Of course I kept up with the HIT world, reading various online publications. HIStalk really was my favorite since it kept me up to speed with all the highs and lows over at my former company. One day Mr. H made a tiny mention that he needed “some help” and wanted to hire someone “who might work a few hours a week to handle routine stuff.”
It took me about 10 seconds to ponder the comment. I sent over an e-mail … and the rest is HIStalk history.
Of course, I am leaving out a lot of details, like the fact that I never meant for this to be a long-term gig. However, I got lucky: HIStalk has grown tremendously, we’ve added HIStalk Practice and HIStalk Mobile, companies keep sponsoring, and readers keep stopping by. And you couldn’t ask for a better boss than Mr. H, who has become a combination coach, mentor, and friend. He’s the only one I can always count on to laugh at my one-liner e-mails.

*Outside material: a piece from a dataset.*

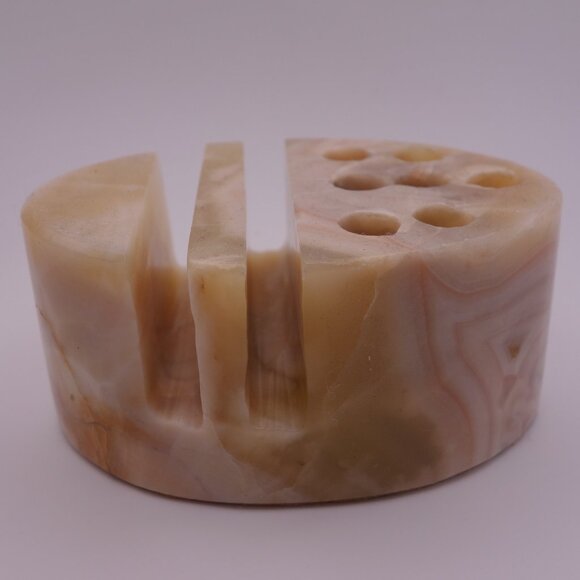 Onyx Marble Desk Accessory - Picture 3 of 16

So, I’m thankful that I’ve been lucky. What if I had missed Mr. H’s tiny mention that day? What if Mr. H had been a jerk? What if, what if, what if …

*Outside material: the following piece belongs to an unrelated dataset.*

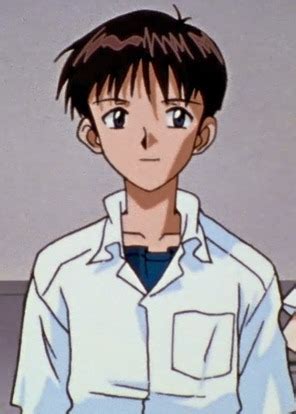 Shinji IKARI | Anime-Planet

In addition, I’m thankful that some companies write stupid press releases so Mr. H and I can make fun of them.
I’m thankful that I have over 1,000 Twitter followers, because it makes me feel important in a most pathetic sort of way.
I’m thankful that readers send me links to good online shopping sites. And, how can any real shoe lover not be thankful for Zappos.com?
For these things and so much more, I am thankful.
HIStalk is far more than the original “few hours a week” that Mr. H and I thought it would be. I’m thankful that I was freed from my previous career, because it allowed me to toss that overcooked turkey part of life and replace it with a big ole slice of homemade pecan pie.